Dopo la seconda elezione del Presidente Napolitano,tirato per i capelli in una situazione complicata, il Presidente della Provincia Matteo Ricci dice: “Adesso largo ai giovani”. Se i giovani fossero stati più bravi e capaci, non c’era bisogno di disturbare un vegliardo  dal suo più che meritato riposo.
Per Ricci occorre rifondare il partito partendo da tre pilastri: la passione della gente (che la crisi perdurante ha ammosciato), una nuova generazione di dirigenti (e lui fa parte di questa generazione) e gli amministratori locali (a cui
lui appartiene). Il riassunto è la sua disponibilità a qualsiasi incarico di restigio. Ma tornando ai giovani, dopo la presidenza di Napolitano e, al momento,
la candidatura di Amato (praticamente un ragazzo) a presidente del Consiglio, di giovani ne abbiamo tanti.Forse è il caso di dire che la gioventù non è un semplice dato anagrafico ma la capacità di pensare in modo nuovo e diverso. Dunque più giovane di Napolitano non c’è nessuno.
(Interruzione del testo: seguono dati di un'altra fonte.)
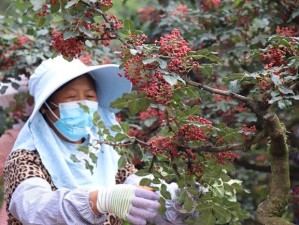 四川农村一级毛片：新鲜采摘的优质花椒，香气浓郁，口感麻辣醇厚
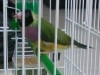 A vendre Couple Diamant de Gould + cage + nide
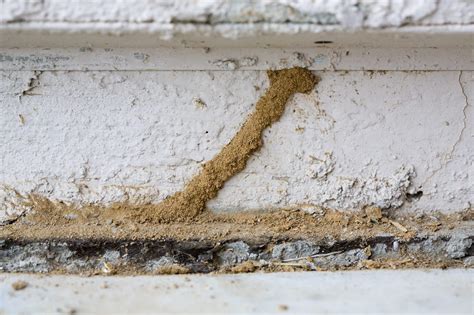 Signs Of Termites In Arizona - What To Look For In Your House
I vecchi sono i quarantenni legati a metodi politici obsoleti ed ancorati al passato. Palmiro Ucchielli intanto lavora per ricucire gli strappi, ma cercando i “franchi traditori” si ritrova ancora nei vecchi panni di funzionario di partito. Nel frattempo i “grillini” augurano al deputato del Pd Dario Franceschini , visto al ristorante,“Che te vada pe’ traverso” dando dimostrazione di finezza e cortesia verso gli avversari. E Berlusconi che  fa? Nulla. Gli oppositori lavorano er lui. Ho cercato di spiegare  ad amici francesi la situazione politica italiana: “No ho capito” mi hanno risposto. Non preoccupatevi nemmeno noi.